Heatstore is one of the nine projects under the European GEOTHERMICA – ERA NET COfund umbrella. It is partly funded by the Dutch Netherlands Enterprise Agency (RVO) and it has been up and running for a year now. The main objectives of the Heatstore project are to reduce costs and risks while improving the performance of underground thermal energy storage technologies at high temperatures (25–90°C). The study is also targeting the optimisation of the use of sustainable heat flows in heat networks with geothermal energy and heat storage. Alongside generic research looking at storage options, efficiency and thermal impact, Heatstore will also collect practical knowledge and data through six new demonstration projects and eight case studies of existing systems with different configurations of heat sources, heat storage types and heat utilisation approaches. The idea is that this practical knowledge will help to make technologies for the underground seasonal storage of sustainable heat ready for market uptake and to fulfil the maximum utilisation potential of geothermal heat production in the European energy transition.

KWR is working on the Dutch part of the project with TNO, the consultancy firm IF Technology and the Netherlands Institute for Ecology NIOO-KNAW. These partners are conducting two case studies, one at the horticulture company Koppert-Cress (KWR) and one at NIOO-KNAW (NIOO and IF). In the meantime, the first test drilling operations have been completed for the Wieringermeer Energy Combination (ECW) pilot project in North Holland (ECW and IF).

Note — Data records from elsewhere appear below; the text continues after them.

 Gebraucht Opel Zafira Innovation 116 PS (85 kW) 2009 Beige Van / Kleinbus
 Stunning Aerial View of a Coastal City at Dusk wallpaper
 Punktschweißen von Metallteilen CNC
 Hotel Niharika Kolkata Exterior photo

Monitoring at Koppert-Cress

Koppert-Cress is a horticulture company that needs relatively large heat supplies. An Aquifer Thermal Energy Storage (ATES) system was built in the past to heat and cool the greenhouses in a sustainable way. A few years ago, it was converted into a HT-ATES system in order to store higher temperatures (>25°C). Koppert-Cress was granted a provisional pilot permit for the HT-ATES system, which is being studied extensively to learn more about the behaviour of heat and groundwater at relatively high temperatures (up to 40°C) in shallow aquifers.

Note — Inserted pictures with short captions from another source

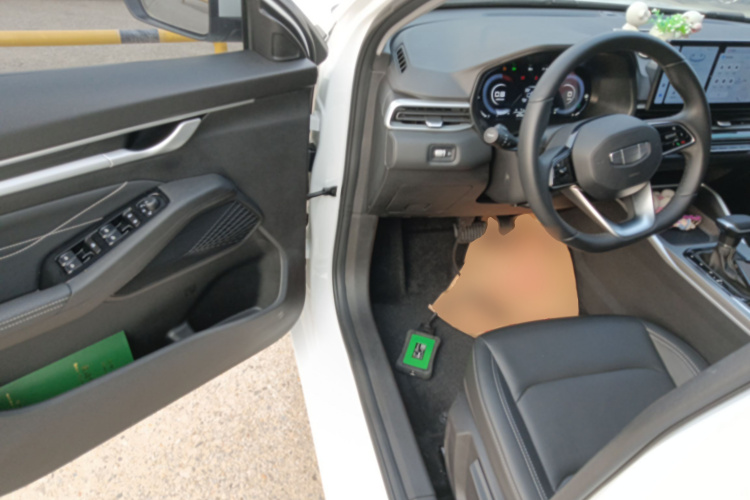 GEELY Emgrand 2024 #12 GEELY Emgrand 2024 car image #12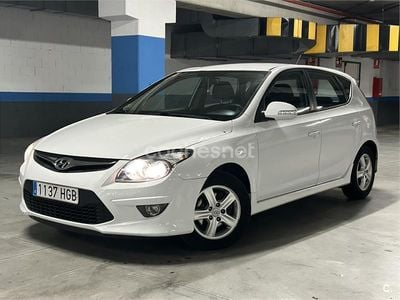 Usado Hyundai i30 Comfort 90 CV (66 kW) 2011 Blanco Berlina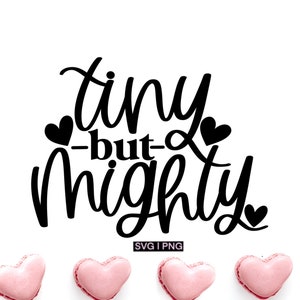 Peut inclure: Conception graphique en noir et blanc avec le texte "tiny-but-mighty" et quatre macarons roses en forme de cœur en dessous du texte.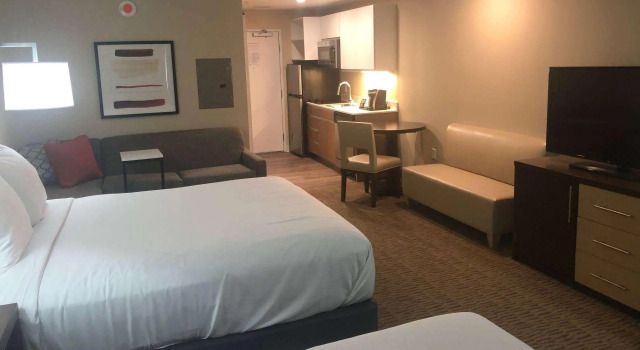 Четырёхместный люкс Hawthorn Extended Stay by Wyndham Monahans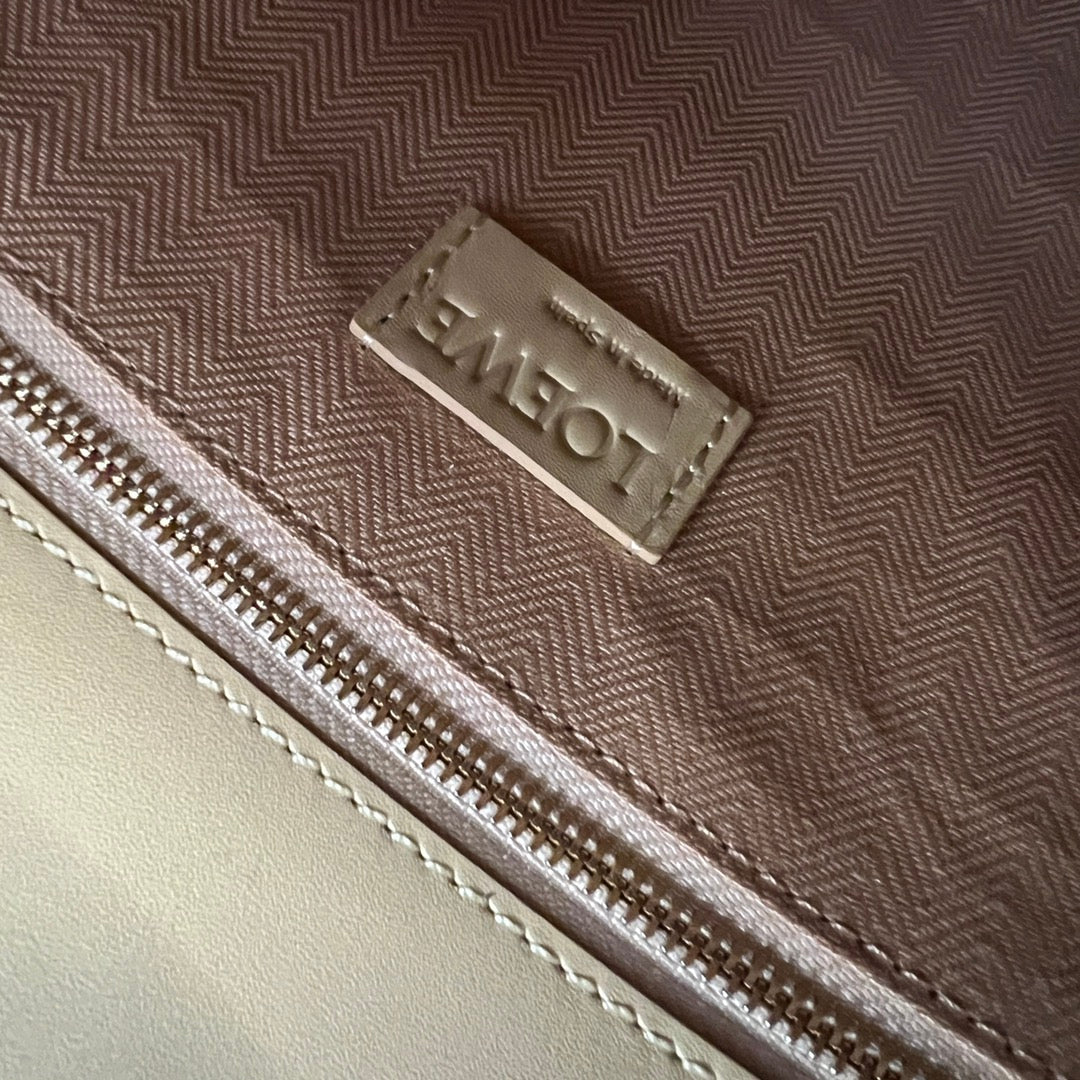 LOE Standard A5 Tote bag in Glossy Yellow Calfskin 274265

In order to increase our understanding of how heat stored underground is spread and to be able to measure the changes in water quality associated with changes in temperature, a monitoring well was drilled near one of the warm wells in the ATES system. We can take water samples around this well from the aquifer and then assess the changes in water quality in the laboratory. In addition, two additional Distributed Temperature Sensor (DTS) cables have been installed to measure the temperature distribution over the full depth of the aquifers used for heat storage down to 170 m below the surface.

Models benchmark

Most partners in the Heatstore project use public/private software packages that they have developed themselves to model heat storage and determine the efficiency and impact of storage systems of this kind. These software packages are often made for a specific purpose and they differ from each other. As a result, it is interesting to compare them in a benchmark study: all the parties will carry out a number of identical simulations and the results will be compared. That provides a picture of the accuracy of different simulation tools for different systems and ensures that important processes are simulated correctly in all models.

This study began last April with a workshop in Geneva attended by Martin Bloemendal and Stijn Beernink.

Heat storage linked to a heat network in Westland

A collective of market gardening firms in the Westland area, which also includes Koppert-Cress, is working on the development of a heat network fed by geothermal energy. The application for the grant (SDE+) for the construction of the geothermal energy source was submitted in 2018 and approved in 2019. Work is proceeding on the business case at the moment. A heat storage system may be part of the heat network being installed. KWR is exploring the options for a heat storage system in this area. That involves looking at several parameters, including the following:

  • heat production and demand during the year and therefore the potential for summer storage;
  • geohydrological suitability;
  • the estimated efficiency of the heat storage system.

Several geothermal projects are already in place in the Westland area (including Greenwell Westland, Geothermie De Lier, Aardwarmte Vogelaer, Nature’s Heat and Geopower Oudcamp).

Click here for more information about this initiative (in Dutch only).

In 2020, the Heatstore project will analyse the data from the case studies more closely and use them to calibrate heat storage models. There will also be generic research into the efficiency and impact of heat storage using various temperatures, volumes and aquifer types.